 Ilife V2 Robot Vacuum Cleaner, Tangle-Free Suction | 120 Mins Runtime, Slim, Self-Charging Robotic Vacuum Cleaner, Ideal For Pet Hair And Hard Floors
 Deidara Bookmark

=======

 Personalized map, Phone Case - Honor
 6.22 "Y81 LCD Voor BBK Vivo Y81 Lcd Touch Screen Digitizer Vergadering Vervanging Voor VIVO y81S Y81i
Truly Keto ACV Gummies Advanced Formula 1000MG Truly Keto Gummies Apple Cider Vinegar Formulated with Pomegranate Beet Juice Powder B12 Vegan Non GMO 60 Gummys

=======

TASK TO COMPLETE: Only the lines above from the line containing "VIVO y81S Y81i" through the line containing "Truly Keto ACV" should be retyped, exactly and with both ends included.

ANSWER BOX:
 6.22 "Y81 LCD Voor BBK Vivo Y81 Lcd Touch Screen Digitizer Vergadering Vervanging Voor VIVO y81S Y81i
Truly Keto ACV Gummies Advanced Formula 1000MG Truly Keto Gummies Apple Cider Vinegar Formulated with Pomegranate Beet Juice Powder B12 Vegan Non GMO 60 Gummys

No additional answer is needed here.